Hi, I'm

Jonathan Pike 👋

I'm a software developer in London, Ontario.

Regression Test Selection

November 19, 2015 # permalink

On Tuesday, I watched a really great talk about Ruby and Rails performance by Aaron ‘Tenderlove’ Patterson, the famous Ruby and Rails contributor. While there were many ideas and concepts in the talk that sparked my curiousity, the concept of regression test selection really stuck in my brain. What is it, and how does it work?

From my understanding, regression test selection is a simple idea. Consider the following scenario: you are a developer on an web application that has a great test suite and all of the tests pass. When you make a change to a small portion of your code base, you want to make sure that you haven’t introduced any bugs, so you’ll want to re-run your test suite. Running the full test suite can take a long time, and you only made changes to one small part. Why do you have to test those portions that weren’t changed and will surely pass? Regression test selection is the solution to this dilemma. Instead of running the whole test suite, you will only run the subset of tests that deals directly with whatever you changed. This will reduce the cost of running your tests and make sure that no bugs have been introduced. Amazing idea, right?

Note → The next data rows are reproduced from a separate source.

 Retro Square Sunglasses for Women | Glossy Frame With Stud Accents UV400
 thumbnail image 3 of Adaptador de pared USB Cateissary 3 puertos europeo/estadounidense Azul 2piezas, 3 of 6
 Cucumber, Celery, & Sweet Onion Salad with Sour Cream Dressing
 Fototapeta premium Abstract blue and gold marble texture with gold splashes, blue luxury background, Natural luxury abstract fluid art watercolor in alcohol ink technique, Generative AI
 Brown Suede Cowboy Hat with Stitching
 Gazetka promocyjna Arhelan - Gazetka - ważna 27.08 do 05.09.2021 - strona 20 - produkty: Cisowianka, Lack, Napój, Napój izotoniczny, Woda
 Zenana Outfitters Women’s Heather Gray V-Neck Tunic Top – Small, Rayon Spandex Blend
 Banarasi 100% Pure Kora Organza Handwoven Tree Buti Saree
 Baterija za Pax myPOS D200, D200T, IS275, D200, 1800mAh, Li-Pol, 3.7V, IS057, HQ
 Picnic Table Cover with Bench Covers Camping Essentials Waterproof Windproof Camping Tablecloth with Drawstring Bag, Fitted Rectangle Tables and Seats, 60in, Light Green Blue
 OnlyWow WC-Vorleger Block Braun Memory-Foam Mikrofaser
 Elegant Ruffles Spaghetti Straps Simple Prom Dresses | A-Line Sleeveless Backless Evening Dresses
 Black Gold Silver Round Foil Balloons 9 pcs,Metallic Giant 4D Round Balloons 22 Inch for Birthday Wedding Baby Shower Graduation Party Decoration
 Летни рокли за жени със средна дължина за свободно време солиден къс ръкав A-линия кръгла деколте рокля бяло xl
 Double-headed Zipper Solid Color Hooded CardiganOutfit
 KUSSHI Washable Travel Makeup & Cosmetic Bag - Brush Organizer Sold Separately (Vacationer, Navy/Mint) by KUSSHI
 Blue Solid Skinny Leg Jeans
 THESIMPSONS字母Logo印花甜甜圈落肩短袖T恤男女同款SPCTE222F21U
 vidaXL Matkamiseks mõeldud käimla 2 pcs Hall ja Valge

During his talk, Tenderlove demonstrated a regression test selector for Minitest and Rspec he wrote, which you can view here. It works with built in Ruby code coverage tools1 to figure out what code a particular test executes, then looks at your git repository to see which files and lines were changed. Skipping all of the implementation details that you can read for yourself, it will end up spitting out the tests that are likely to fail with the change that you made.

Dyego Costa has taken Tenderlove’s idea and packaged it into a gem called What To Run to make it easy to integrate into your projects.

Regression test selection isn’t necessary for every project, especially if your test suite is fast. It is a real boon for projects with large, slow test suites, and the very idea itself really demonstrates the creativity and problem-solving mindset that draws me towards being a developer.

If you want a deep-dive into this concept, consider reading An Empirical Study of Regression Test Selection Techniques, which analyzes several different regression test selection techniques and discusses the cost and benefits of each.

  1. Code coverage is “a measure used to describe the degree to which the source code of a program is tested by a particular test suite” (source)